## Supplied information
-*-*-

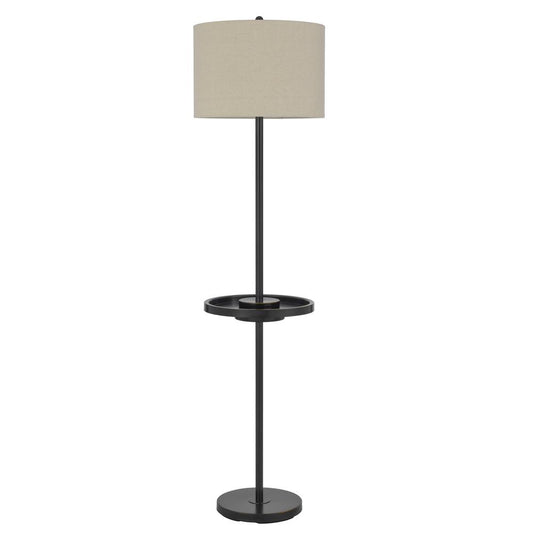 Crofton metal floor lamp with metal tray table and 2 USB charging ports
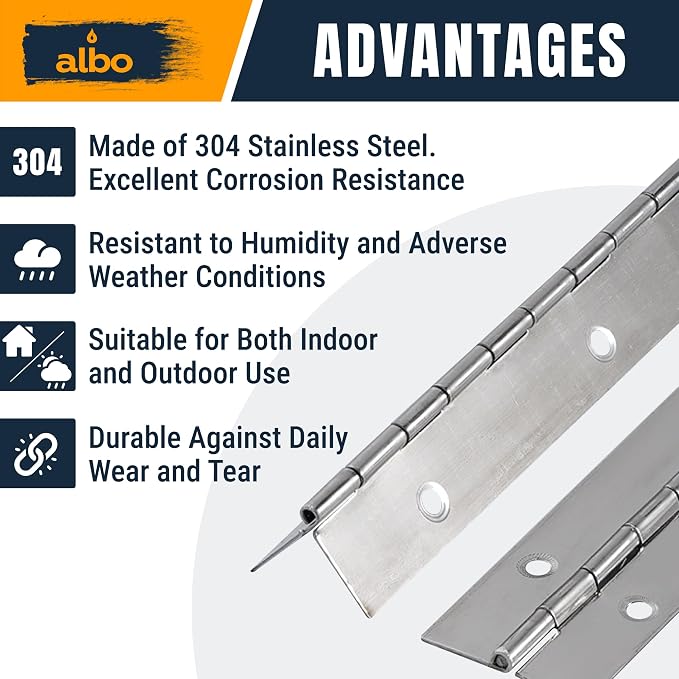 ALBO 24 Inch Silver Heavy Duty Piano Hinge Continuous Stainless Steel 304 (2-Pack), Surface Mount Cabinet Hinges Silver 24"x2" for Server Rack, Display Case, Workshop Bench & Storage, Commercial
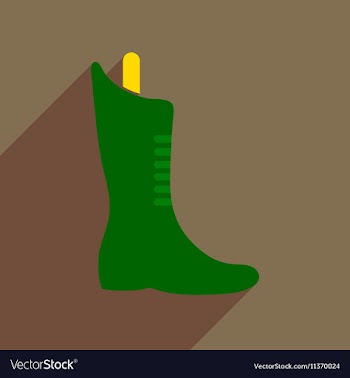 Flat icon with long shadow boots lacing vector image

-*-*-

Copy nothing but the lines from the top of the material through the line holding "ALBO 24 Inch", exactly as written; omit pictures.

 Crofton metal floor lamp with metal tray table and 2 USB charging ports
 ALBO 24 Inch Silver Heavy Duty Piano Hinge Continuous Stainless Steel 304 (2-Pack), Surface Mount Cabinet Hinges Silver 24"x2" for Server Rack, Display Case, Workshop Bench & Storage, Commercial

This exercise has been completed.